Lógicamente, la corona austriaca no se conformó con esta decisión y, lejos de aceptar la proclamación en 1700 de Felipe V como rey de España, coordinó junto con Inglaterra, Holanda y una gran parte de los príncipes alemanes, la Gran Alianza para terminar con la figura del Borbón español e imponer al austriaco archiduque Carlos, de la dinastía Haugsburgo, como legítimo sucesor. De este modo, la España empobrecida y endeudada que heredaba Felipe V se veía de nuevo envuelta en una guerra. La Guerra de Sucesión duró catorce años, y si bien no permitió coronarse al austriaco, sí obligó al monarca español a renunciar a sus derechos sobre el trono francés.
En un primer momento el cambio de dinastía no trajo consigo transformaciones radicales. Sacar a España de la profunda crisis económica y política que venía viviendo desde hacía mucho tiempo, así como del letargo cultural, no era tarea fácil. La concepción feudal del estado y el enorme poder de la aristocracia dificultaban las necesarias reformas. Por otro lado, no resultaba sencillo sacar a España de su aislamiento. La modernidad y el pensamiento nuevo del hombre del XVIII tardaron en calar en la Península, en parte por las trabas que pusieron ciertas instituciones, principalmente la Iglesia. Desde luego, el cambio más complicado consistía en transformar la sociedad religiosa y cerrada del Barroco en una sociedad laica, abierta, como quería la Ilustración. Sin embargo, pequeños y grandes pasos se fueron dando y la sociedad española comenzó a transformarse.

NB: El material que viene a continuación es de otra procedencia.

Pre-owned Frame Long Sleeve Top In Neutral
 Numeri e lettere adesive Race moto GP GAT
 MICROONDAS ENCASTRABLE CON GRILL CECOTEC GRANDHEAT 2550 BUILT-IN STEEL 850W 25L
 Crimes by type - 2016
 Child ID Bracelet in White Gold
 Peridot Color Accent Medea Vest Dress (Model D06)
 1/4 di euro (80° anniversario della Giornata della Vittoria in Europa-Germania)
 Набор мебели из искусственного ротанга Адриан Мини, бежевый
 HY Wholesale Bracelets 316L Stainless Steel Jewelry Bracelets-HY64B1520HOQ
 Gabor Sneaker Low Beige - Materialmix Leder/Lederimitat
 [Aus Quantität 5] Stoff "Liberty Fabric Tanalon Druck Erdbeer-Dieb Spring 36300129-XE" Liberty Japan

Desde el punto de vista político, la nueva dinastía borbónica impuso el absolutismo y el centralismo como formas de gobierno. Después de la fragilidad e inoperancia del último Austria español, había que reforzar la figura del monarca, su poder y capacidad para dirigir el Estado, por encima de la nobleza y el clero, sustentado por una legislación racional. En ello se esforzaron personalidades como Macanaz –de ahí que se ganara la enemistad de la Iglesia y el destierro– y políticos como José Patiño. Se quiso acabar con el sistema de validos para dar paso a un conjunto de ministros que tuvieran delimitadas sus competencias. No se trataba de sabios, sino de hombres preparados política, científica, cultural y humanamente para realizar su trabajo del modo más competente.
El proceso de reforma estaba en marcha. El gobierno se centró, sobre todo, en la economía, el intervencionismo económico se hizo patente, así como el regalismo eclesiástico. Se quería convencer a la sociedad de la importancia del trabajo, de la necesidad de ser una nación dinámica y productiva. Había que favorecer el comercio y para ello se procuró la mejora de las carreteras y los demás medios de comunicación e infraestructuras. Esta actividad laboral y comercial chocaba con las normas que regulaban a la nobleza española que consideraba indigno cualquier clase de ocupación. Por ello, la reforma tuvo que encargarse de prestigiar el trabajo y, en especial, el trabajo manual, que era el más denostado.
Se hizo necesaria una reforma educativa. De hecho se confió en la educación como medio para cambiar la mentalidad y lograr una sociedad más desarrollada. Se buscaban unos mínimos prácticos, como que las gentes estuvieran preparadas para realizar oficios concretos.